• **Your goal**
After locating the line with "Olympus OM 50mm f1.8 Zuiko Auto-S (#4391)" in the entries below, output it and each following line up to and including the line with "京都市右京区嵯峨大覚寺門前六道町の新築一戸建", exactly and without pictures.

• **Supplied information**
****

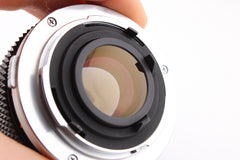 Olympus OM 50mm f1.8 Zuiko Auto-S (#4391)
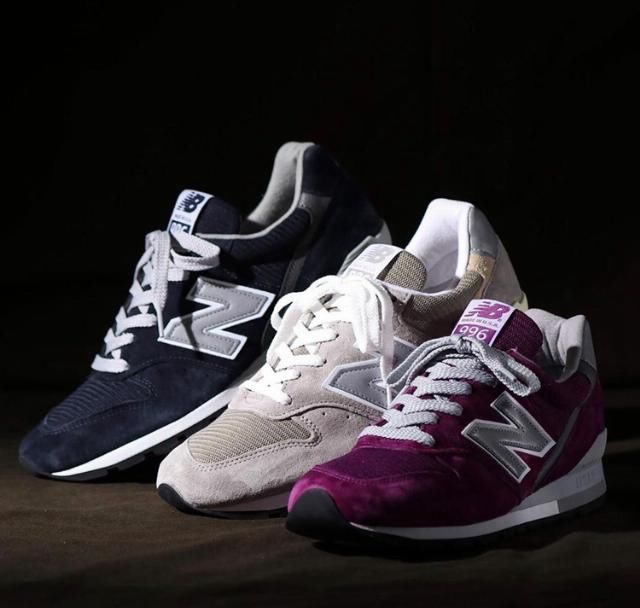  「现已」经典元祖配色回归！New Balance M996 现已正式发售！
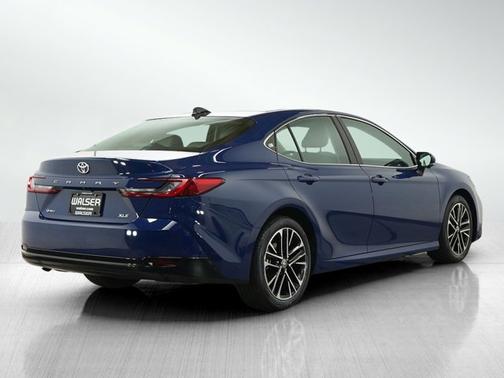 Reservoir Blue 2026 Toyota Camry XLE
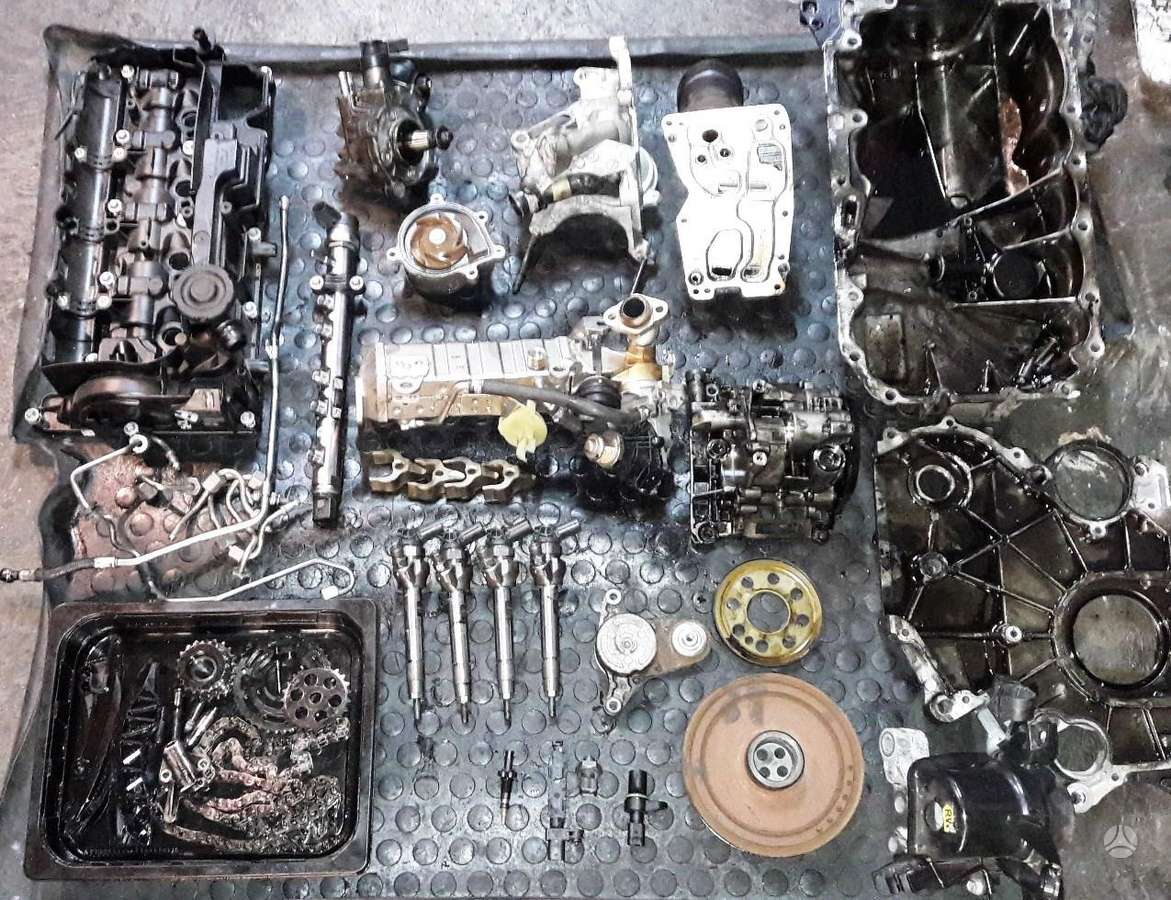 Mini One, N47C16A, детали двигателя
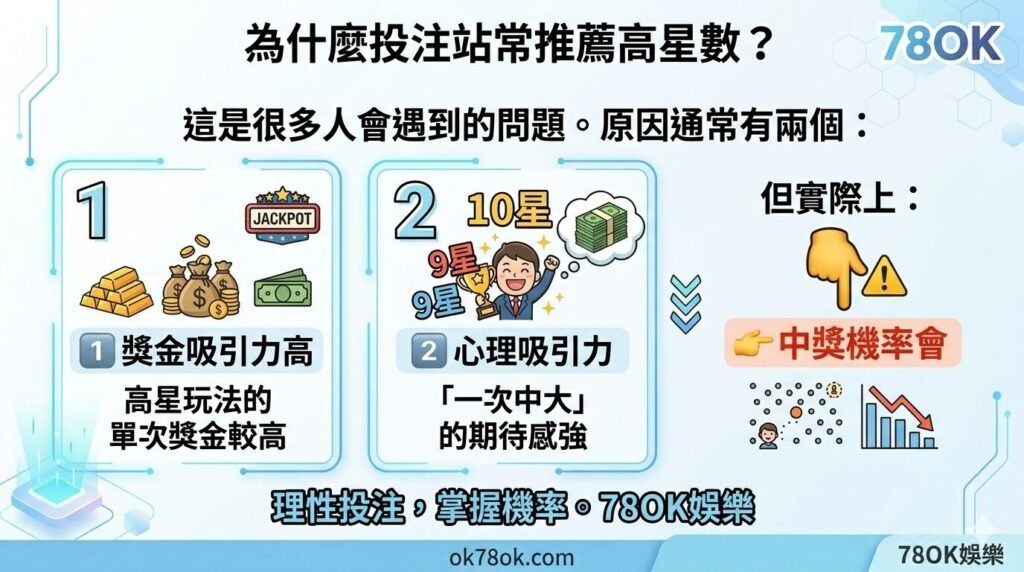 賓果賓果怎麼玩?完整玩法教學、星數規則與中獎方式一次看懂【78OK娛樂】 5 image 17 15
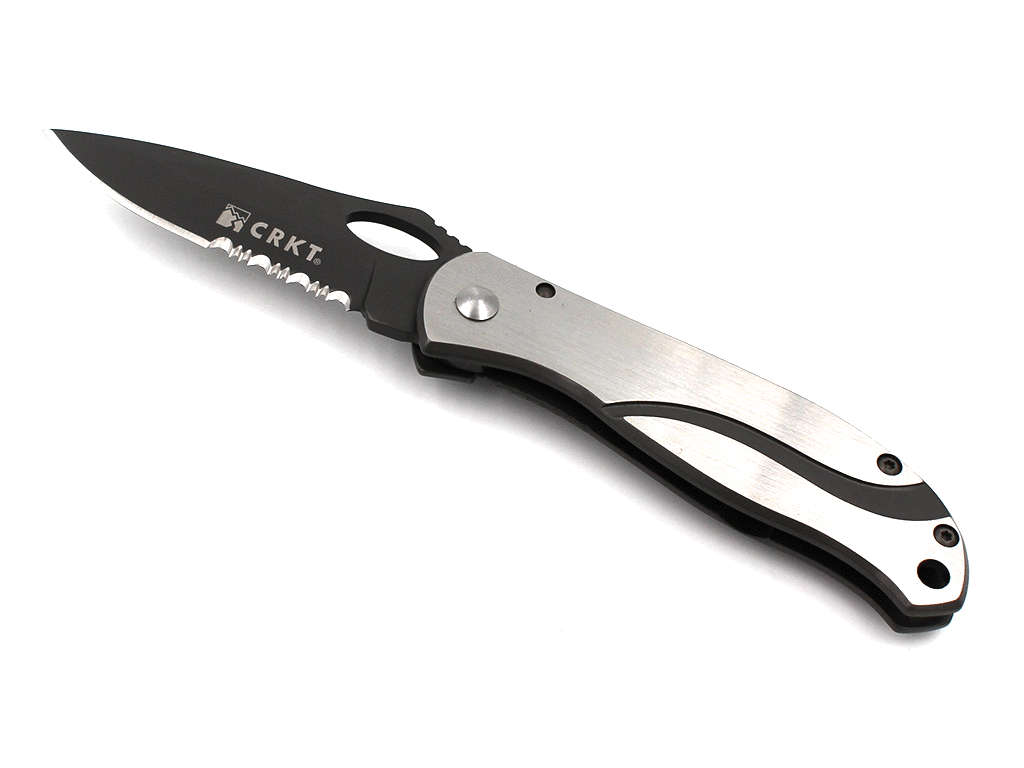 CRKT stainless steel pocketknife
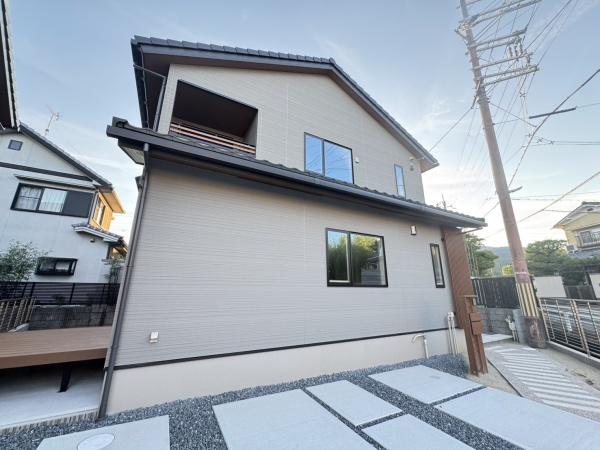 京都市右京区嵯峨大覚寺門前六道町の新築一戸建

****

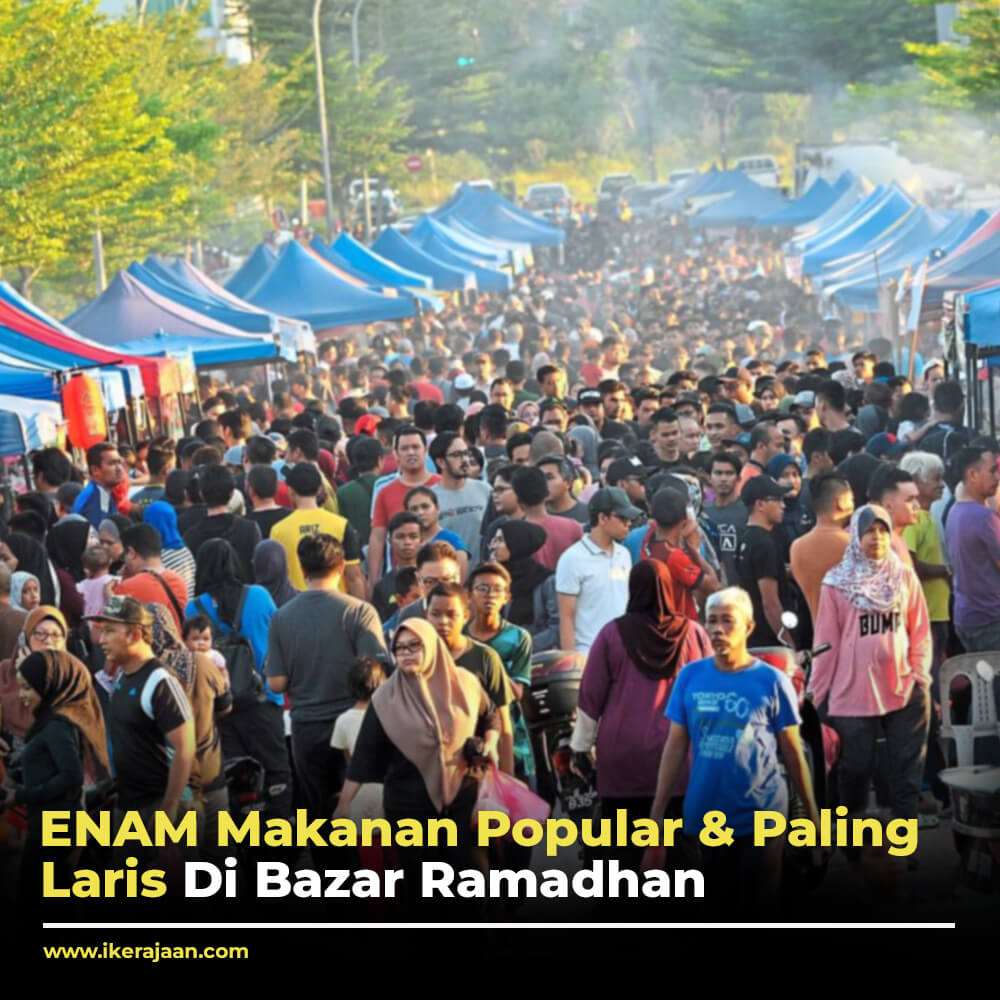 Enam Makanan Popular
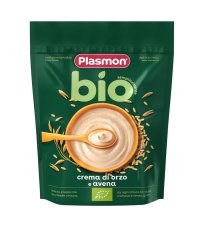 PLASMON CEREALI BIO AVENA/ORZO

****

• **Exercise output**
 Olympus OM 50mm f1.8 Zuiko Auto-S (#4391)
  「现已」经典元祖配色回归！New Balance M996 现已正式发售！
 Reservoir Blue 2026 Toyota Camry XLE
 Mini One, N47C16A, детали двигателя
 賓果賓果怎麼玩?完整玩法教學、星數規則與中獎方式一次看懂【78OK娛樂】 5 image 17 15
 CRKT stainless steel pocketknife
 京都市右京区嵯峨大覚寺門前六道町の新築一戸建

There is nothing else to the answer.